- [What is being asked]: The records below are to be reproduced exactly, with the pictures left out.

Material for this exercise Start Marker

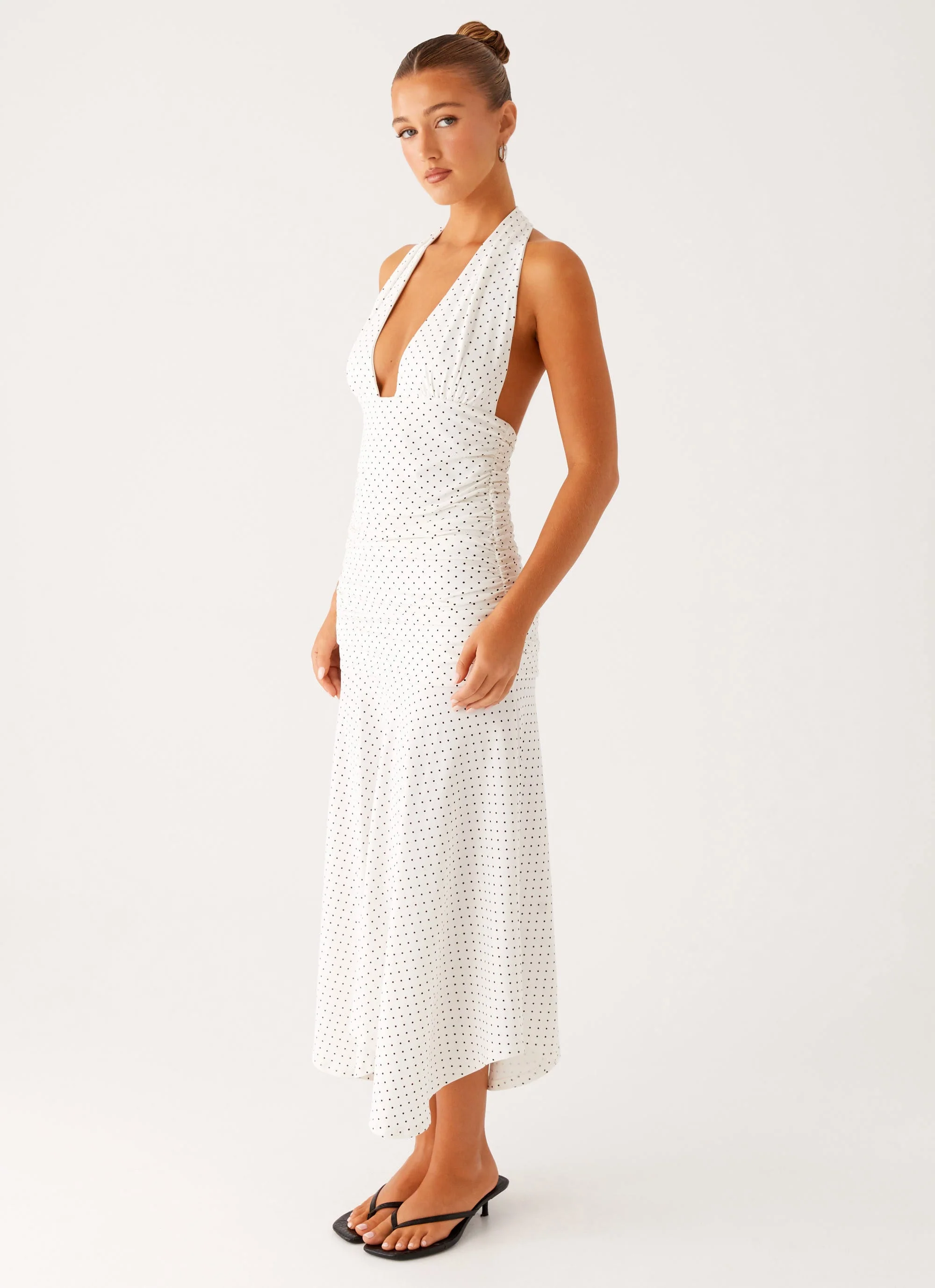 Grettana Halter Neck Midi Dress - White Polka Dot - Image 3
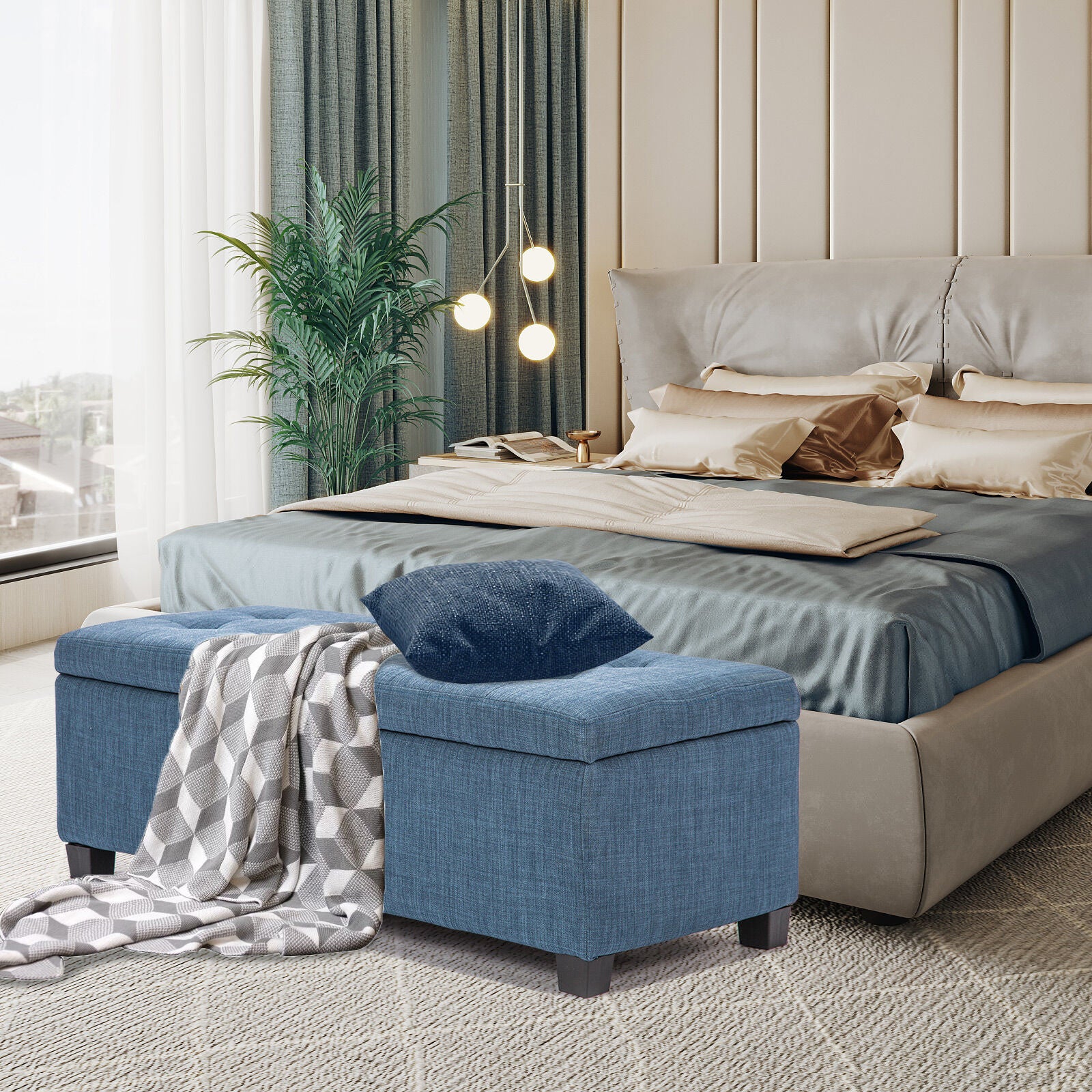 Storage Ottoman Stool 102cm Fabric DARK BLUE 6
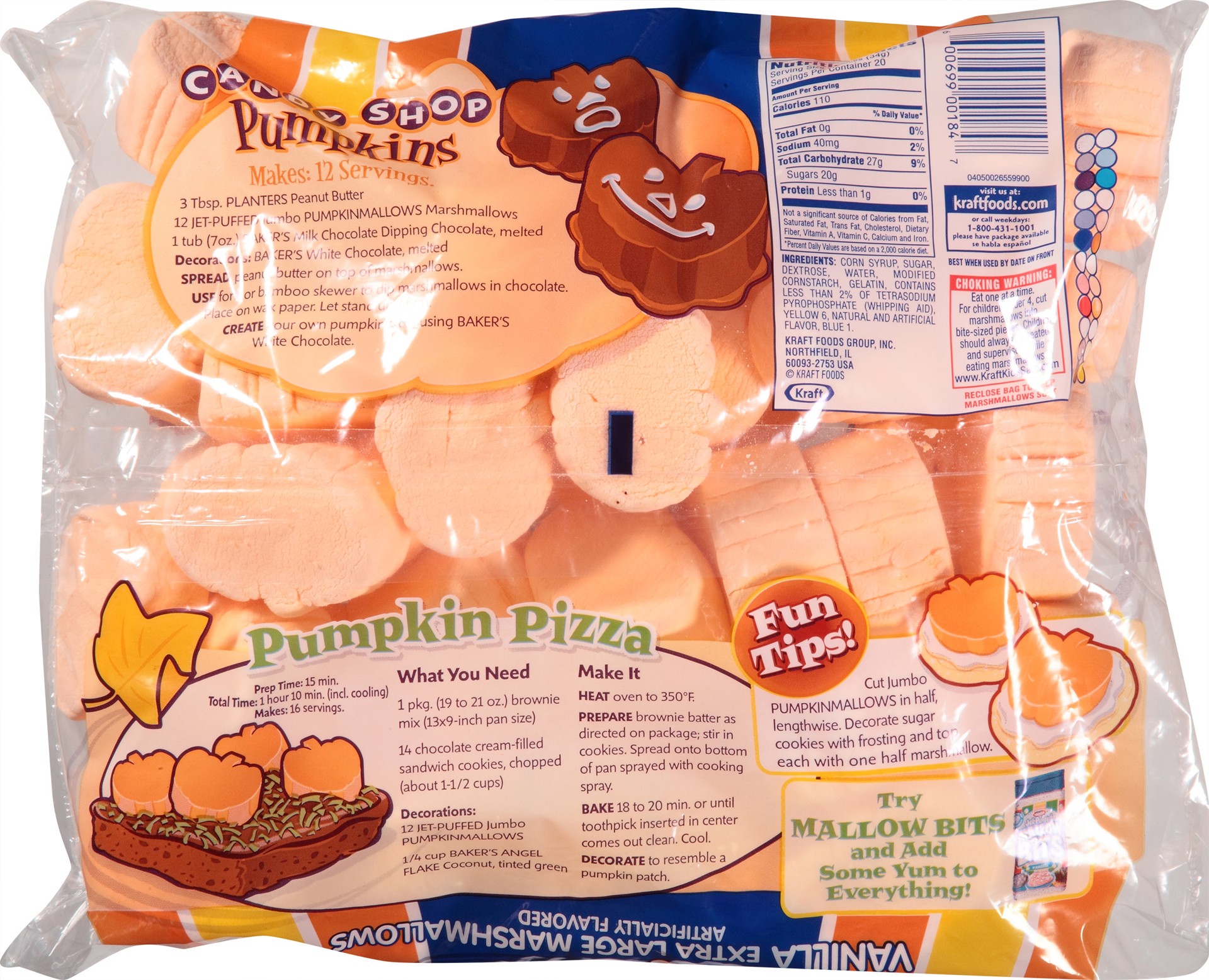 slide 4 of 5, Jet-Puffed Jumbo Mallows Pumpkin Marshmallows, 24 oz Wrapper, 1.5 lb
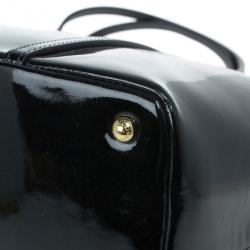 Pre Owned Dolce and Gabbana Black Patent Leather Miss Escape Tote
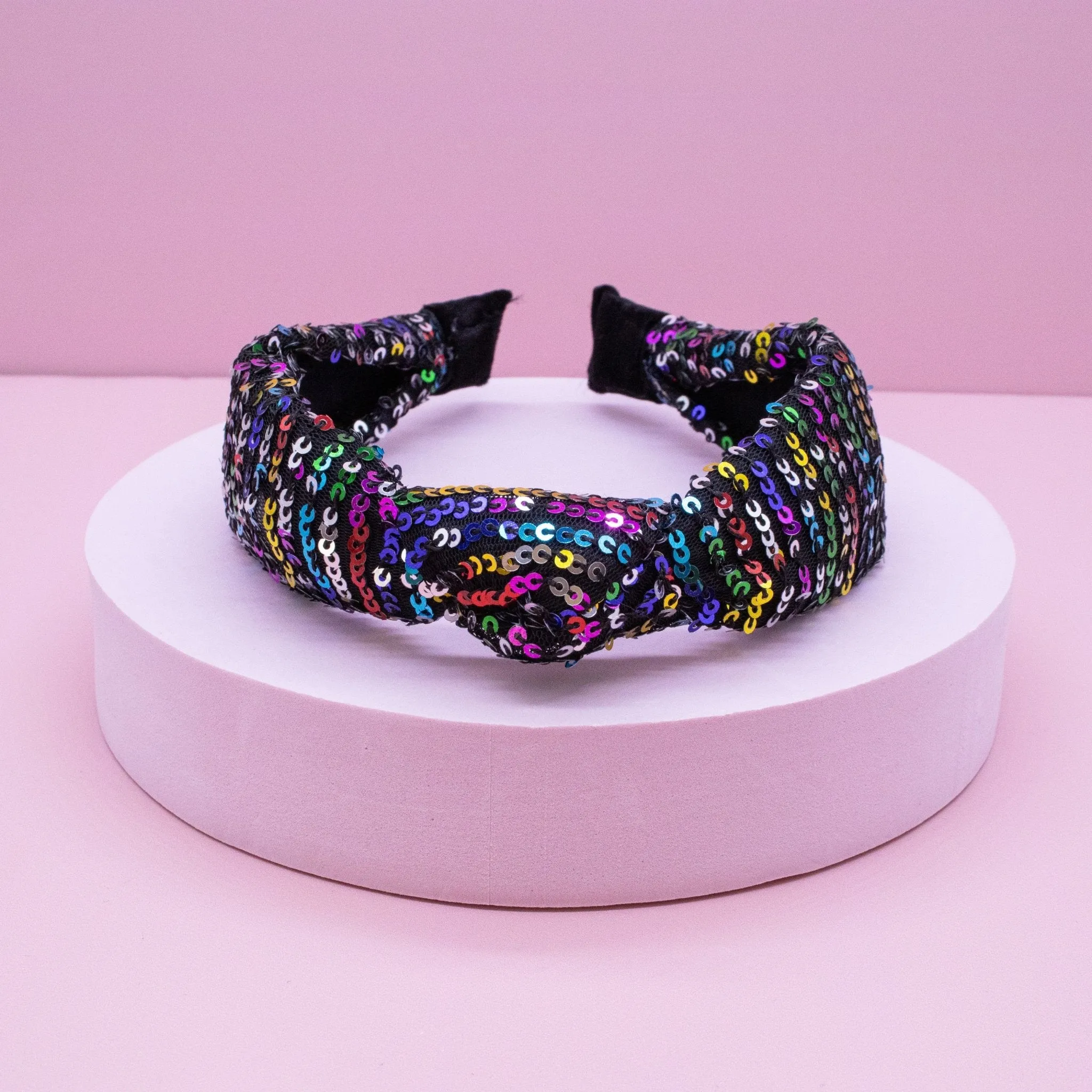 Rainbow Confetti Sequin Knot Headband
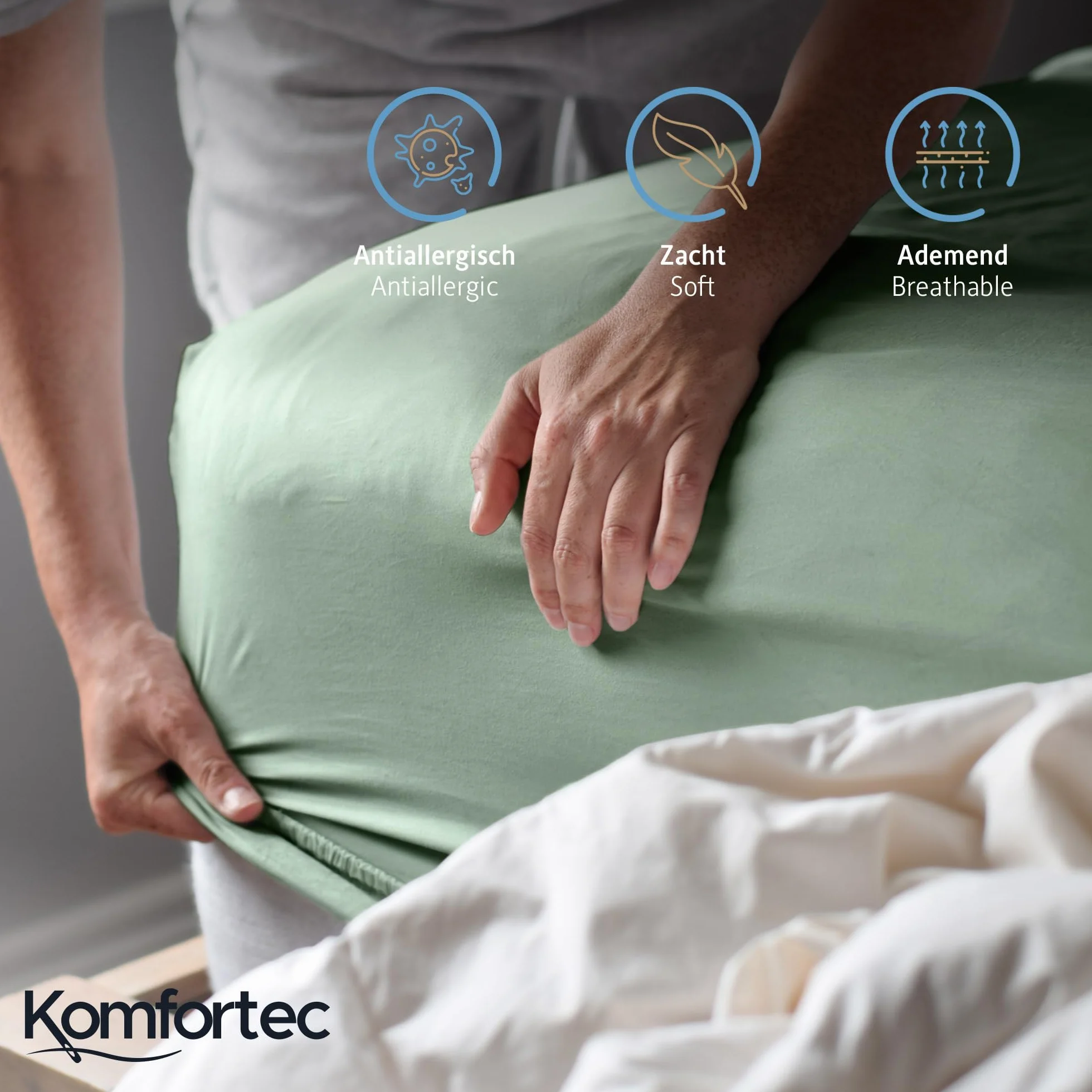 Komfortec Prześcieradło z gumką z dżerseju, 100% bawełny, 160 x 200 cm, 135 g/m², miękkie, oddychające i przyjazne dla skóry, z gumką dookoła – certyfikat Oeko-Tex – do treningu bokserskiego, toppera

Material for this exercise End Marker

- [Response below]:
 Grettana Halter Neck Midi Dress - White Polka Dot - Image 3
 Storage Ottoman Stool 102cm Fabric DARK BLUE 6
 slide 4 of 5, Jet-Puffed Jumbo Mallows Pumpkin Marshmallows, 24 oz Wrapper, 1.5 lb
 Pre Owned Dolce and Gabbana Black Patent Leather Miss Escape Tote
 Rainbow Confetti Sequin Knot Headband
 Komfortec Prześcieradło z gumką z dżerseju, 100% bawełny, 160 x 200 cm, 135 g/m², miękkie, oddychające i przyjazne dla skóry, z gumką dookoła – certyfikat Oeko-Tex – do treningu bokserskiego, toppera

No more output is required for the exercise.